◆ **MATERIAL SUPPLIED**:
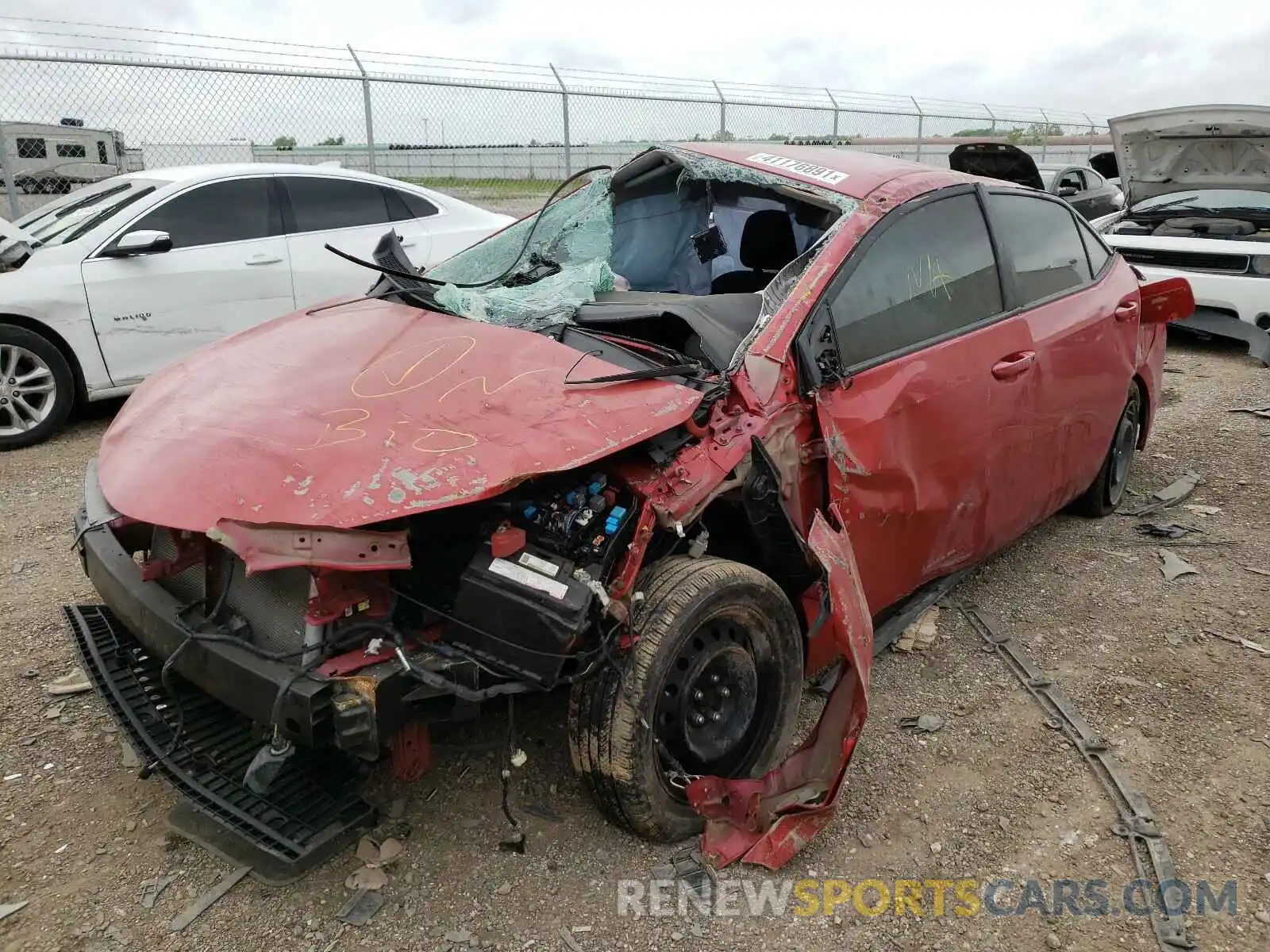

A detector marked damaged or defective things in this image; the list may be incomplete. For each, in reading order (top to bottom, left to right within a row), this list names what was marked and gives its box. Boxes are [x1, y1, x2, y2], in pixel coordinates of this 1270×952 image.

shattered windshield [421, 147, 858, 368]
crushed car hood [945, 143, 1041, 191]
crushed car hood [1107, 105, 1270, 204]
crushed car hood [102, 301, 706, 533]
red damaged sedan [64, 143, 1194, 878]
torn red fender [686, 508, 873, 873]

◆ **TASK PROMPT**: Repeat, exactly and in full, every entry in the data, but not the pictures.

◆ **WRITTEN SOLUTION**:
A detector marked damaged or defective things in this image; the list may be incomplete. For each, in reading order (top to bottom, left to right within a row), this list names what was marked and gives its box. Boxes are [x1, y1, x2, y2], in pixel coordinates of this 1270×952 image.

shattered windshield [421, 147, 858, 368]
crushed car hood [945, 143, 1041, 191]
crushed car hood [1107, 105, 1270, 204]
crushed car hood [102, 301, 706, 533]
red damaged sedan [64, 143, 1194, 878]
torn red fender [686, 508, 873, 873]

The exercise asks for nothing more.